GIVEN DATA =>
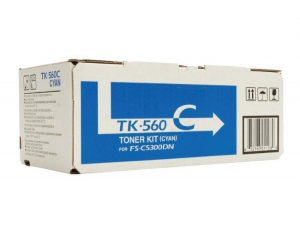 Тонер-картридж KYOCERA MITA TK-560C голубой (1T02HNCEU0)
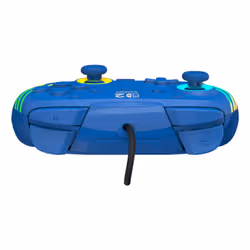 Turtle Beach Afterglow Blu controller da gaming RGB cablato con licenza ufficiale per Nintendo Switch 2 - Vista aggiuntiva 8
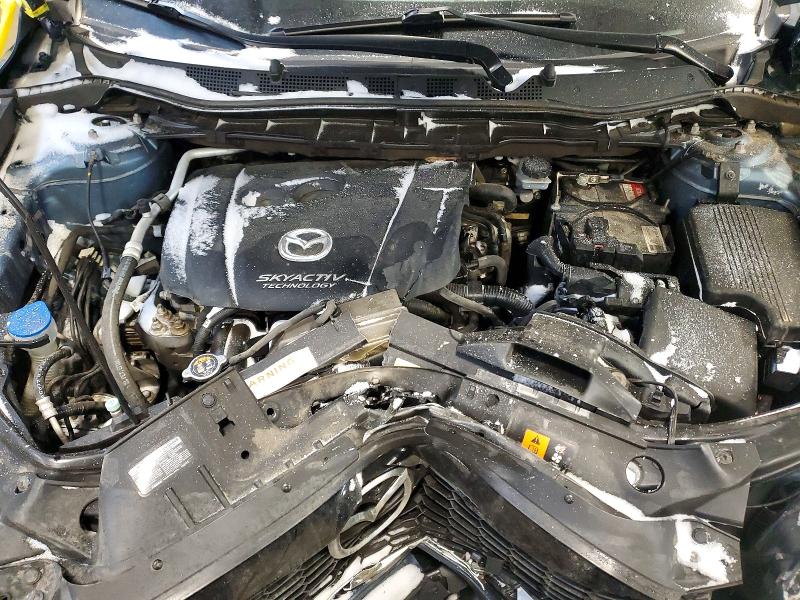 Aukcja sprzedaży 2014 Mazda Cx-5, vin: JM3KE4CY6E0390782, numer aukcji: 73812895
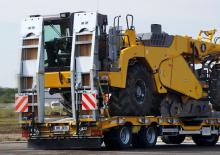 Niskopodne prikolice Müller Mitteltal T 4 24.0 Profi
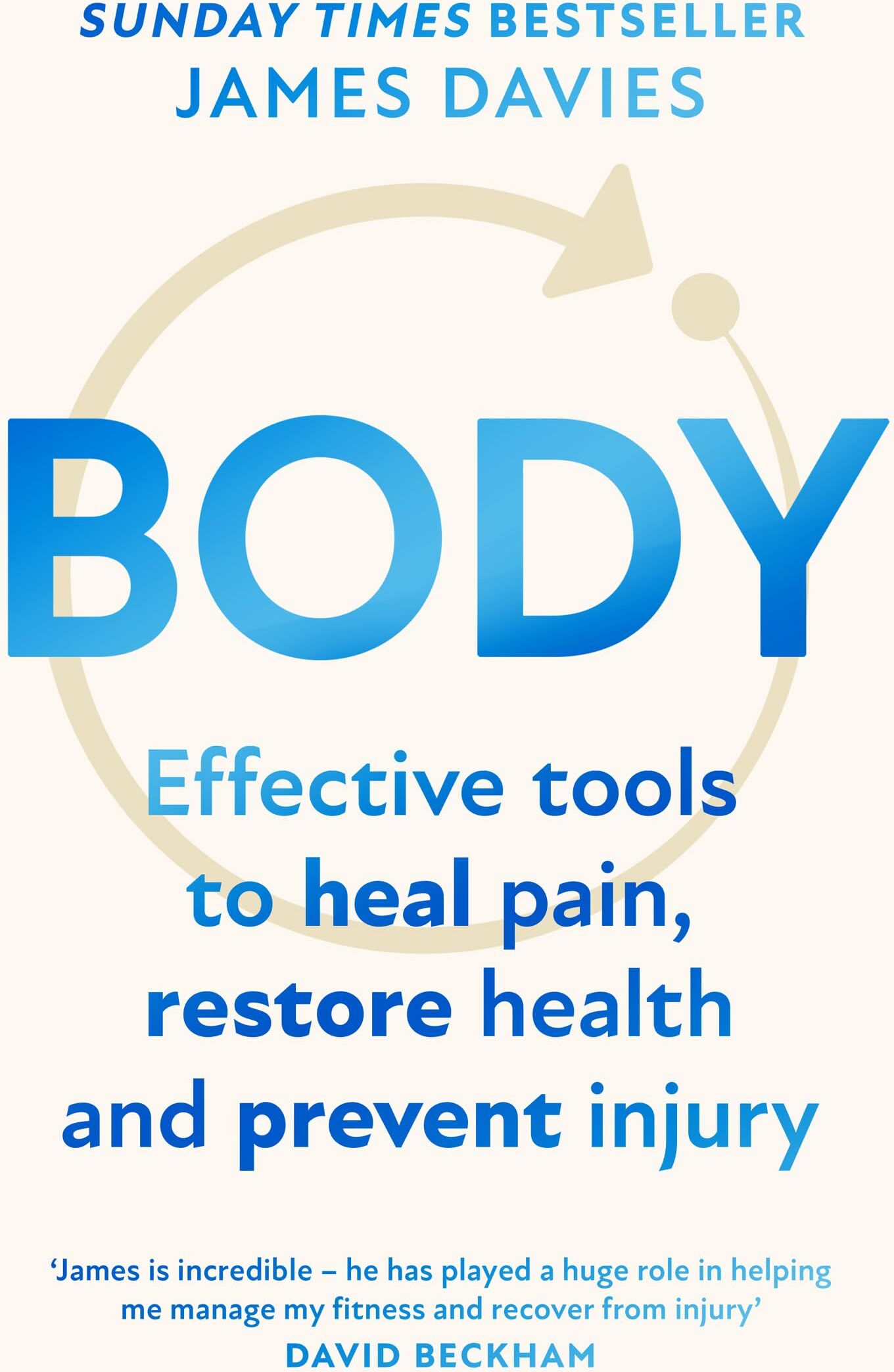 James Davies - Body: Simple techniques and strategies to heal, reset and restore - Preis vom 15.10.2026 23:06:25 h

WHAT YOU WILL DO => Word for word, restate every line of the listing, omitting the pictures.

TASK ANSWER =>
 Тонер-картридж KYOCERA MITA TK-560C голубой (1T02HNCEU0)
 Turtle Beach Afterglow Blu controller da gaming RGB cablato con licenza ufficiale per Nintendo Switch 2 - Vista aggiuntiva 8
 Aukcja sprzedaży 2014 Mazda Cx-5, vin: JM3KE4CY6E0390782, numer aukcji: 73812895
 Niskopodne prikolice Müller Mitteltal T 4 24.0 Profi
 James Davies - Body: Simple techniques and strategies to heal, reset and restore - Preis vom 15.10.2026 23:06:25 h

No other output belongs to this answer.